Task directions: Your response should contain exactly the lines running from the one with "Coleman SkyDome 8" to the end of the data below, both included, and no pictures.

Dataset content:

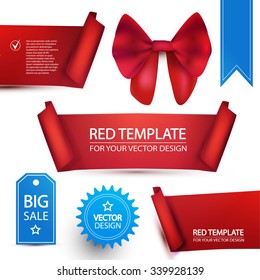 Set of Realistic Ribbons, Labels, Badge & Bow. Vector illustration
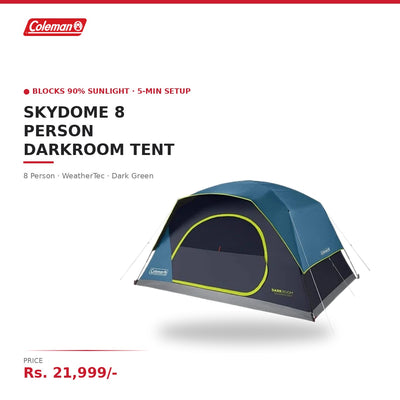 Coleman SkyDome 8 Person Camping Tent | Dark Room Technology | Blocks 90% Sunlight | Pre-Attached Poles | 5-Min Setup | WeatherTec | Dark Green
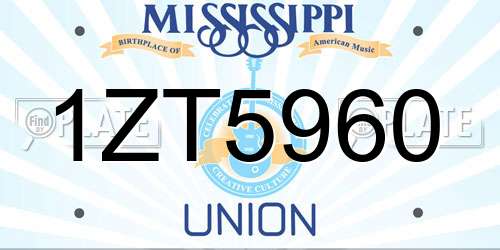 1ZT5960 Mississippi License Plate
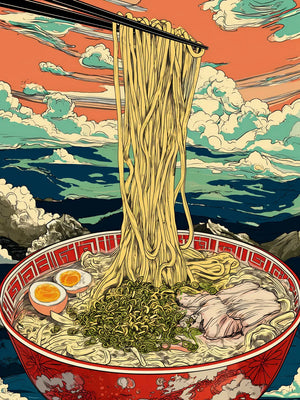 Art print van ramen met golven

Response for this exercise:
 Coleman SkyDome 8 Person Camping Tent | Dark Room Technology | Blocks 90% Sunlight | Pre-Attached Poles | 5-Min Setup | WeatherTec | Dark Green
 1ZT5960 Mississippi License Plate
 Art print van ramen met golven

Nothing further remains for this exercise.